In 2000 Briony went to Southern Vermont to study at Bennington
College. While there she studied printmaking under Catherine
Mosley and Perry Tymeson. In 2002 Briony moved back to the
west coast to attend the Emily Carr institute of Art and Design
in Vancouver, British Columbia. The school not only provided
a base closer to home but also provided a more intense art
education. While at Emily Carr, Briony studied printmaking,
specifically etching, the Book Arts and Digital art.
After graduating in May 2005, Briony moved back to Whidbey Island and set up her own graphic arts business, Cribbs-Morrow Artworks, and continued working on her etchings at the Cat Skinner Press.
In January of 2008, Briony pulled up stakes and moved to Brattleboro, VT to start Twin Vixen Press with a fellow printmaker, Helen O’Donnell.

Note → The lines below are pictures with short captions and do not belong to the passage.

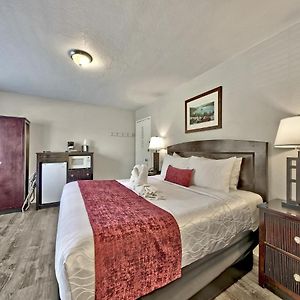 Deluxe King Suite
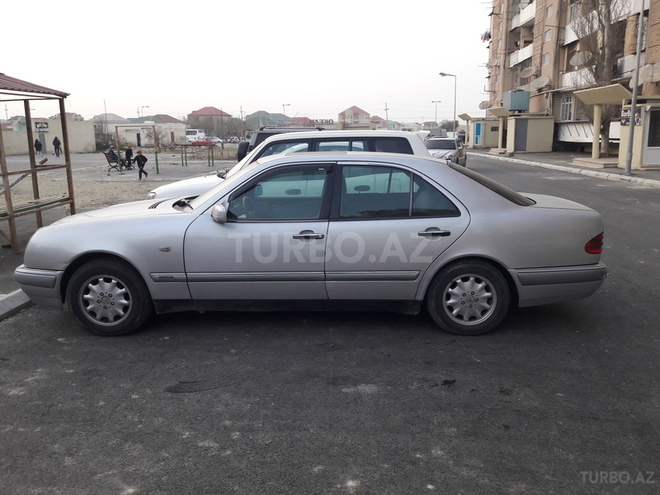 Mercedes E 220 1997, 350,000 km - 2.2 l - Sumqayıt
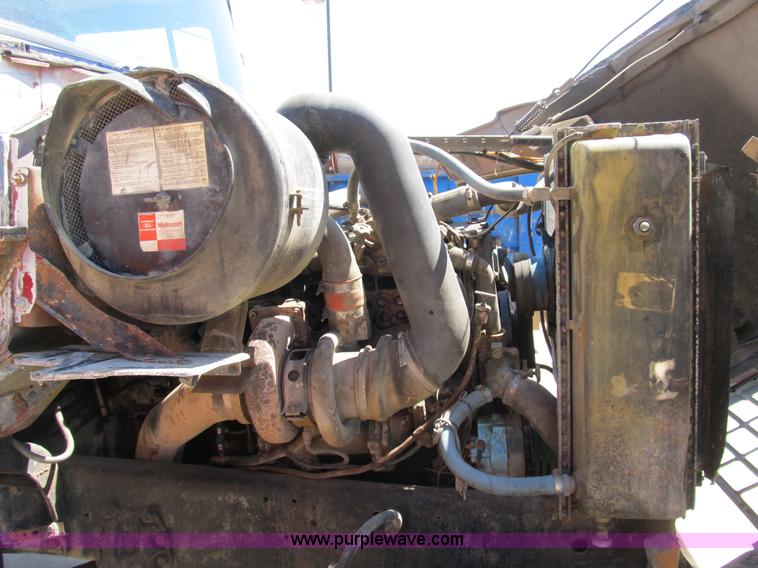 image for item B2797 1987 Ford LT8000 tandem axle dump truck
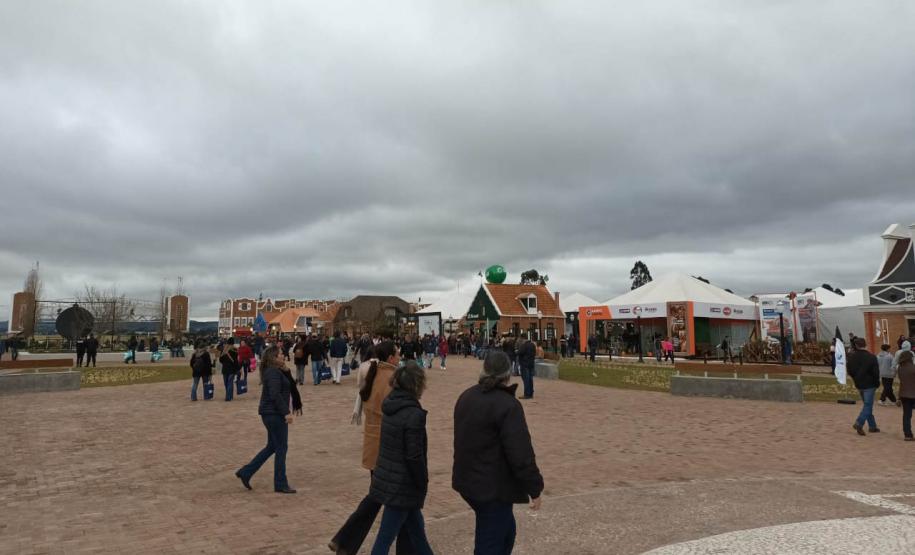 Ministro da Agricultura anuncia compra de leite de cooperativas em visita a Castro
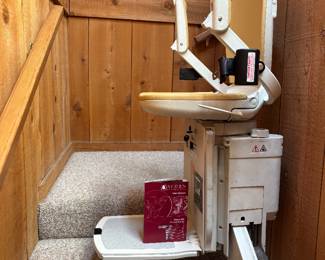 Acorn chair lift 12 stair
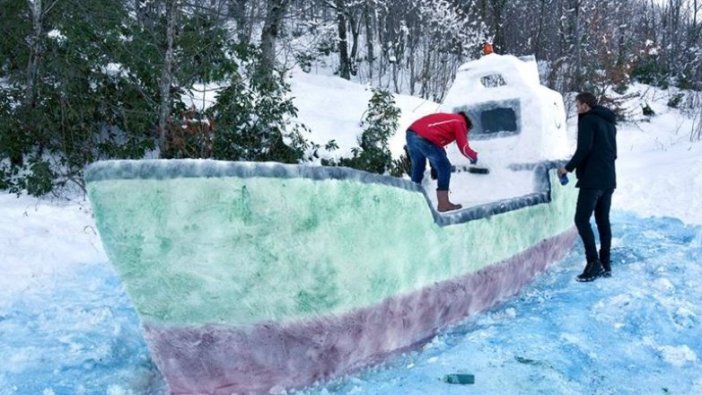 Kartepe'de tatilcilerin yaptığı kardan gemi ilgi çekiyor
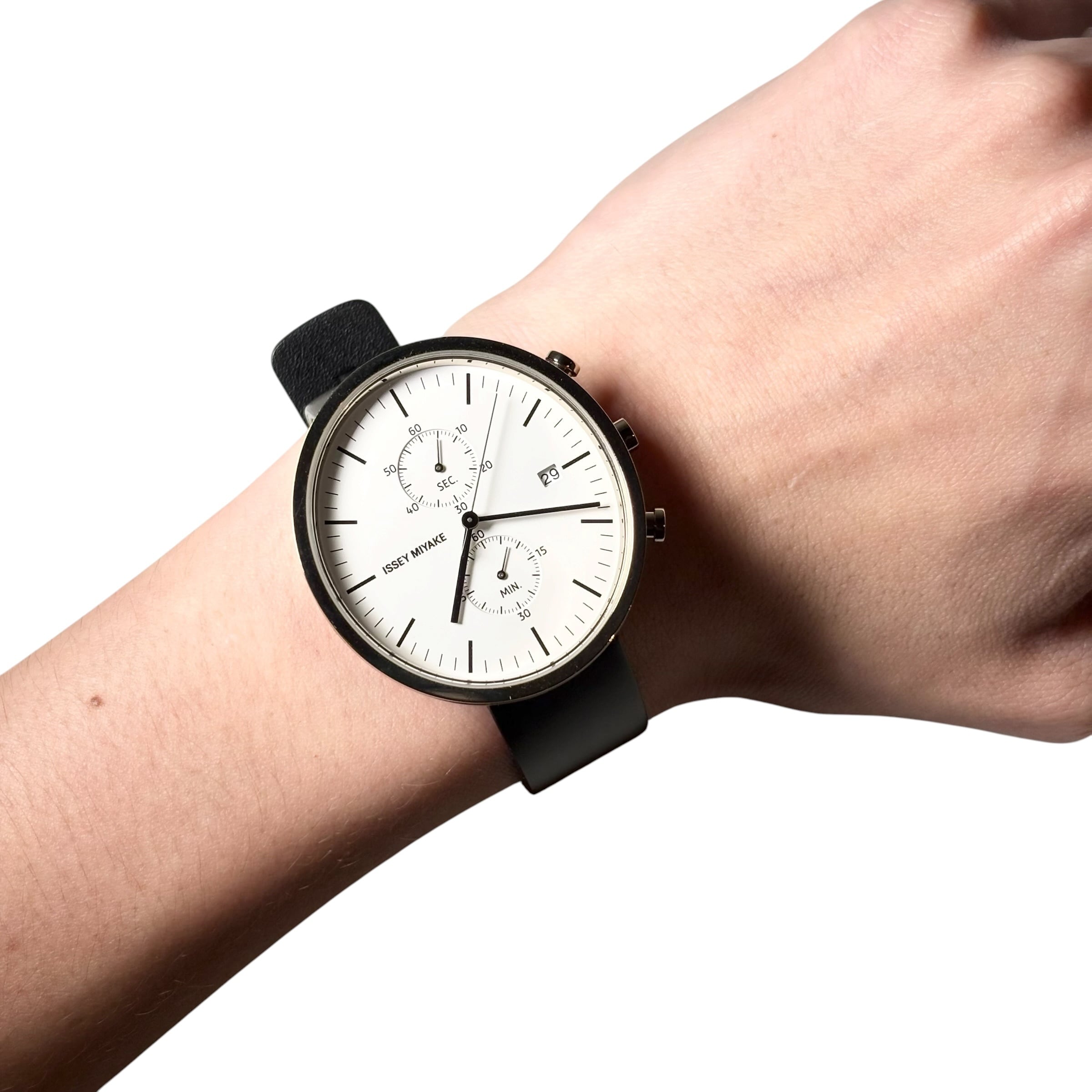 ISSEY MIYAKE quartz chronograph watch “ELLIPSE” | NOIR ONLINE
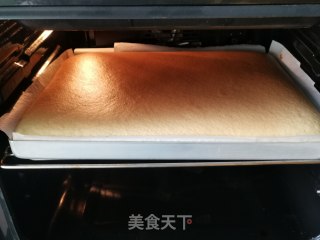 仅需一口就爱了，美翻天的蔓越莓蛋糕卷的做法步骤：21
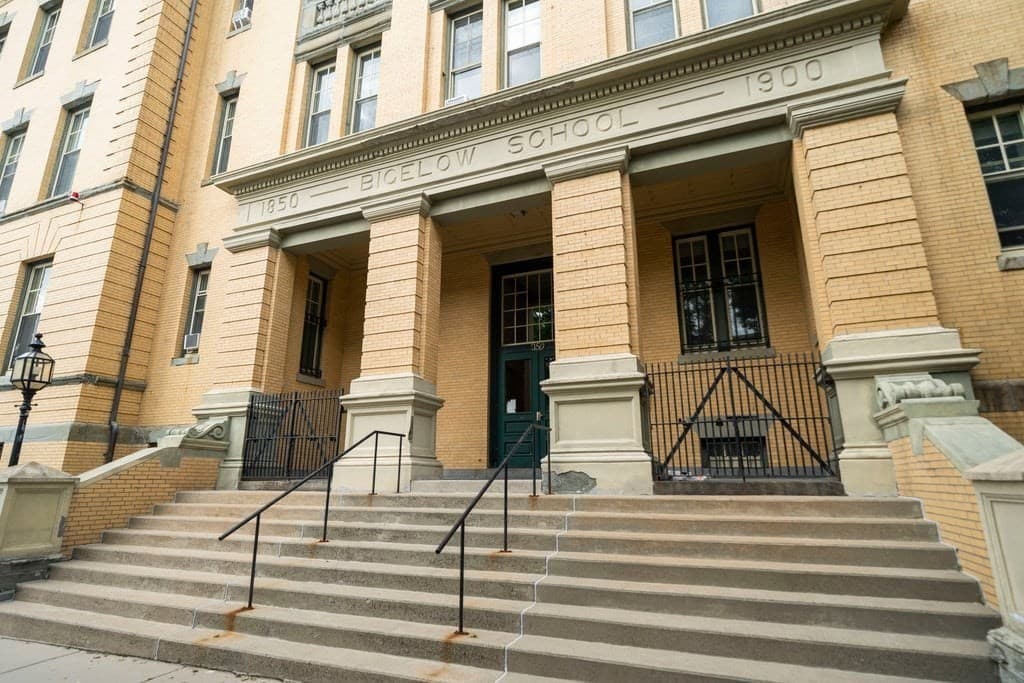 350 West Fourth Street # 209, Boston MA 02127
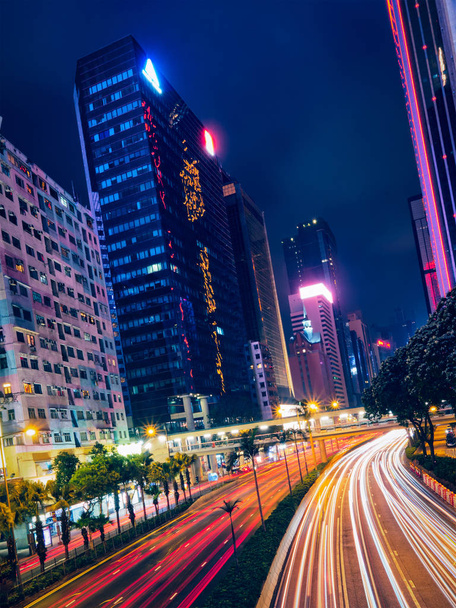 Utcai forgalom Hong Kong éjjel - Fotó, kép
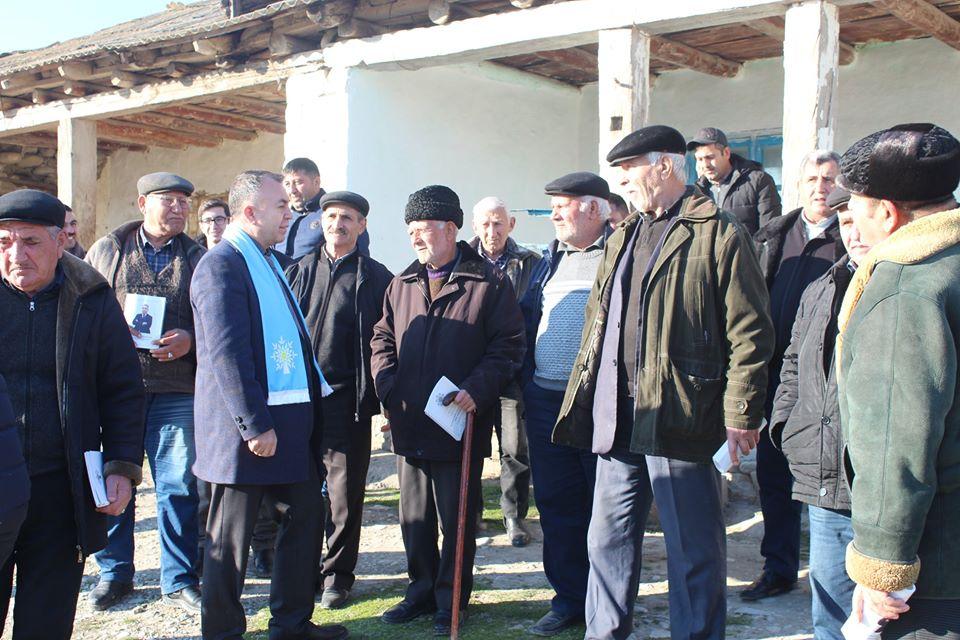 90 yaşlı ağsaqqal YAP-ın namizədi ilə görüşə velosipedlə gəldi - FOTO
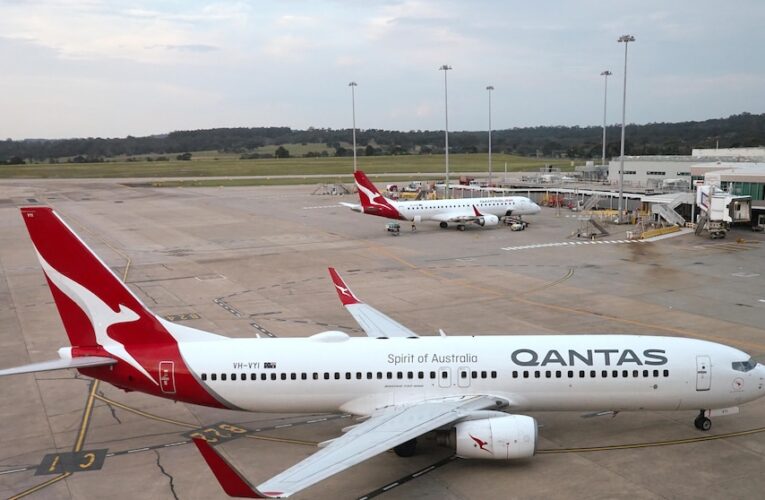Qantas Airways se disculpa después de que supuestamente se transmitiera una película con clasificación R en todas las pantallas durante el vuelo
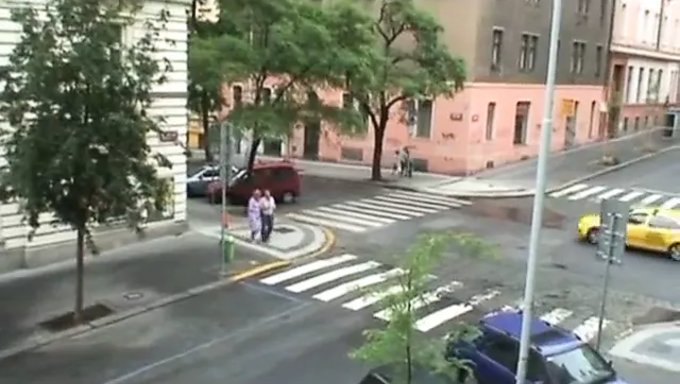 热辣的三人行,Wall妻子加入其中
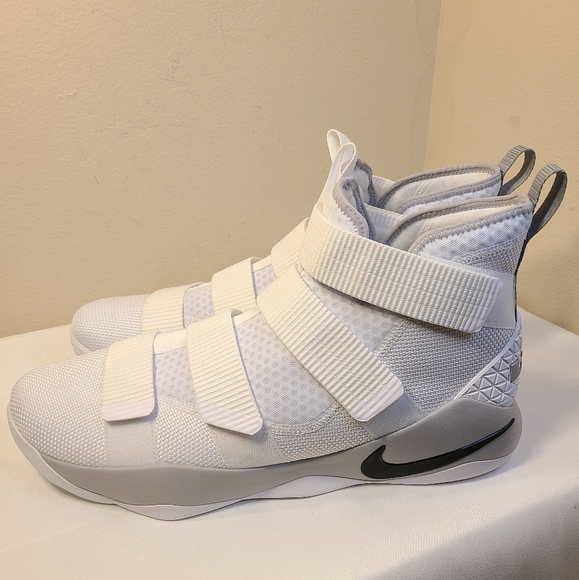 nike lebron soldier xi 11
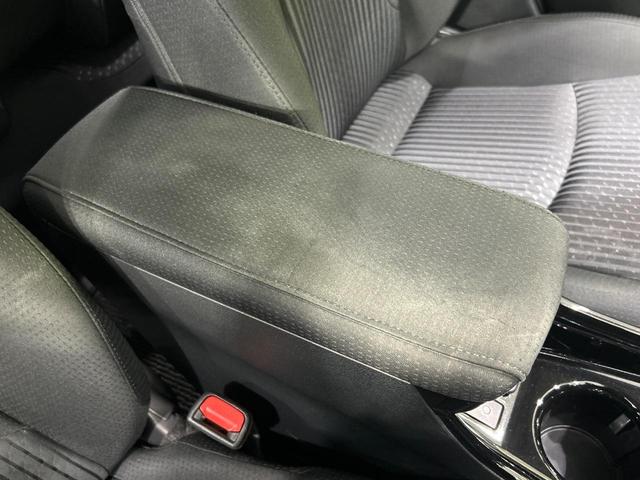 プリウス Sセーフティプラス ツートーン 純正9型ナビ バックカメラ セーフティセンス パーキングアシスト レーダークルーズコントロール ドラレコ LEDヘッド ETC Bluetooth 禁煙車 車線逸脱警報 オートライト オートエアコン(43枚目)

The press provides intaglio-based print classes, press rental and studio space for print artists. Currently, Briony is working on illustration projects for books and continues work on her series of Chimera.
There is something about monstrous form that appeals to the
human imagination. There are numerous periods in history where
these unnatural forms have surfaced. In the 17th century Cabinets
of Curiosities emerged in the name of science. In the 1900's
photographs taken for medical purposes morphed into the role
of entertainment when presented to a curious audience. More
currently, the grotesque form has emerged as scientists explore
Genetically Modified Organisms and the questionable clone.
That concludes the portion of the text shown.